I have Trident 2021. my size is 8,5 which is exactly fits my daily size of 41,5. I tried 9 but it was a little bit weird and just I feel it was large. 8,5 is just wrapping my feet. When I wear the boots, everything is ok. But after 1 hour of riding, I have really much pain in my both feet. The boots are really tough. I feel wonderful when I start riding...

I m hoping that pain will disappear after a while when the inside liner takes my foot shape. I don't know. what do you say? I have no chance to get a bigger one.


----------



## WigMar (Mar 17, 2019)

adgu said:


> I have Trident 2021. my size is 8,5 which is exactly fits my daily size of 41,5. I tried 9 but it was a little bit weird and just I feel it was large. 8,5 is just wrapping my feet. When I wear the boots, everything is ok. But after 1 hour of riding, I have really much pain in my both feet. The boots are really tough. I feel wonderful when I start riding...
> 
> I m hoping that pain will disappear after a while when the inside liner takes my foot shape. I don't know. what do you say? I have no chance to get a bigger one.





adgu said:


> I have Trident 2021. my size is 8,5 which is exactly fits my daily size of 41,5. I tried 9 but it was a little bit weird and just I feel it was large. 8,5 is just wrapping my feet. When I wear the boots, everything is ok. But after 1 hour of riding, I have really much pain in my both feet. The boots are really tough. I feel wonderful when I start riding...
> 
> I m hoping that pain will disappear after a while when the inside liner takes my foot shape. I don't know. what do you say? I have no chance to get a bigger one.


Have you had the boots heat molded yet? That makes a big difference.


----------



## adgu (Oct 2, 2019)

WigMar said:


> Have you had the boots heat molded yet? That makes a big difference.
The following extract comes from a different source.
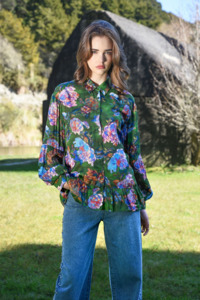 Coop By Trelise Cooper: Coop Flounce On Blouse - Green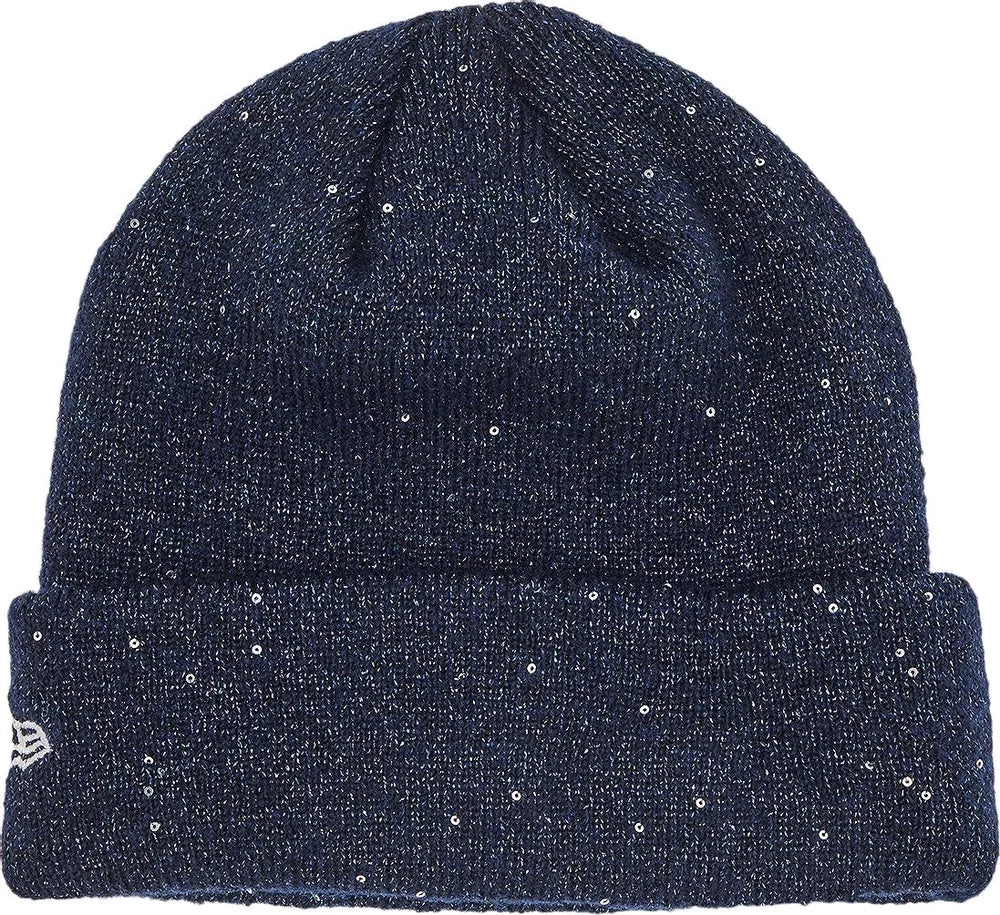 New Era® Metallic Arc Beanie "Navy"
no heat molded yet. Can I do it right now because I have rided two times until now. If it works, I will have them heat molded... thanks for suggestion


----------



## WigMar (Mar 17, 2019)

Yes, you can heat mold boots you have worn. It can make a big difference.


----------



## adgu (Oct 2, 2019)

WigMar said:


> Yes, you can heat mold boots you have worn. It can make a big difference.


Thank you WigMar, I m gonna do it as soon as possible.. I like this forum and I like u all guys


----------



## adgu (Oct 2, 2019)

WigMar said:


> Yes, you can heat mold boots you have worn. It can make a big difference.


By the way, I am not sure if Trident is suitable for heat molding?


----------



## WigMar (Mar 17, 2019)

adgu said:


> By the way, I am not sure if Trident is suitable for heat molding?


Yes, Intuition liners are designed to be heat molded. They are a pretty formless sock until you get in there with some heat.


----------



## adgu (Oct 2, 2019)

WigMar said:


> Yes, Intuition liners are designed to be heat molded. They are a pretty formless sock until you get in there with some heat.


Thanks WigMar.. I called somebody and he told me to do it with some rise, socks and microwave grill... I will try this weekend.


----------